(Material for this task)
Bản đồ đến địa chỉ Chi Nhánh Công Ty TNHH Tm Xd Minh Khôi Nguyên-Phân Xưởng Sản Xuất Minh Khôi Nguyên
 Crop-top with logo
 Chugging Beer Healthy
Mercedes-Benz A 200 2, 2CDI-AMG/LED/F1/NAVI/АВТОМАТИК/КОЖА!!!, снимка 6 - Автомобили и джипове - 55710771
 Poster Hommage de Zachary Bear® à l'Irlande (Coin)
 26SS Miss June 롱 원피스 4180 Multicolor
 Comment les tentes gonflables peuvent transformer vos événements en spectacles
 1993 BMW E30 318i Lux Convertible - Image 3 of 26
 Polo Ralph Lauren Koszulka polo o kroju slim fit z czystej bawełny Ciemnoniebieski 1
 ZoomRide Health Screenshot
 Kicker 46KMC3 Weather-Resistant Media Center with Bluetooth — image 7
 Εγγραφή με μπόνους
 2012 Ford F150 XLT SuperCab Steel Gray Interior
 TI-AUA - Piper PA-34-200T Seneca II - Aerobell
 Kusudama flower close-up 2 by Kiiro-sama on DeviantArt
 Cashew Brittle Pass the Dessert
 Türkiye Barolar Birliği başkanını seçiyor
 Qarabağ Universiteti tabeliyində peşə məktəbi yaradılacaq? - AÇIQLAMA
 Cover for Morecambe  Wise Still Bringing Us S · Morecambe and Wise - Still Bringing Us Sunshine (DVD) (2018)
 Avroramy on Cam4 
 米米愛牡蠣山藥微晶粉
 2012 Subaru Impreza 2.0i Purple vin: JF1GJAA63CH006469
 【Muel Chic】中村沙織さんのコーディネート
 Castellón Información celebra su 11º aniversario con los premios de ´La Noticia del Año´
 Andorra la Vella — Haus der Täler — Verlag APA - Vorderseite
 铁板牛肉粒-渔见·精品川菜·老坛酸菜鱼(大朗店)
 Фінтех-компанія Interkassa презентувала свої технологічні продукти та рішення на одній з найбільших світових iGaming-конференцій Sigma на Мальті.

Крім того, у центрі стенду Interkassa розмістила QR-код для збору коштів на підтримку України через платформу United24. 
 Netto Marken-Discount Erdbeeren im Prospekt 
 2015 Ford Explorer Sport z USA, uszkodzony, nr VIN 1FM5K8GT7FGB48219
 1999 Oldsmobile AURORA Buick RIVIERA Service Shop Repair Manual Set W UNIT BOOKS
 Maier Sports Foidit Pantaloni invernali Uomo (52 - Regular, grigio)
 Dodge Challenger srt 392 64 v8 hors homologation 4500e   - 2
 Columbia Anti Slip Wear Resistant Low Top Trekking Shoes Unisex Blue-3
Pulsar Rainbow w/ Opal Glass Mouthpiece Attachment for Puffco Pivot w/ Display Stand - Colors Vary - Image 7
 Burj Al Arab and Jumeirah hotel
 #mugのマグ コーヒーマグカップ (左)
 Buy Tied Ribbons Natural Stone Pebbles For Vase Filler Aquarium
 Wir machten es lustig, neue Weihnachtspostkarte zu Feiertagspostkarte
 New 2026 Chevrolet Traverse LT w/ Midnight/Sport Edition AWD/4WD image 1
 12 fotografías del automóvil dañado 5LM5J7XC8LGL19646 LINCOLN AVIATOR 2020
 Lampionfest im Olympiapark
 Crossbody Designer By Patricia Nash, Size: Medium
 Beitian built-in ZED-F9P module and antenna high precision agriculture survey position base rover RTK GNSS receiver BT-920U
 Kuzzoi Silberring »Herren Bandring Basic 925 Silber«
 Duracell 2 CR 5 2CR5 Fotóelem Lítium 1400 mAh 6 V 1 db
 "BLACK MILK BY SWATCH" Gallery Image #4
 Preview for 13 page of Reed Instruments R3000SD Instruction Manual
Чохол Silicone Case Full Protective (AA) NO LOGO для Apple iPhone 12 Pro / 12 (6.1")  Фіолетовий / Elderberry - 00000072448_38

(Instructions to follow) Where does "Manual" occur in the data? Copy each line that has it.

(Result)
 1999 Oldsmobile AURORA Buick RIVIERA Service Shop Repair Manual Set W UNIT BOOKS
 Preview for 13 page of Reed Instruments R3000SD Instruction Manual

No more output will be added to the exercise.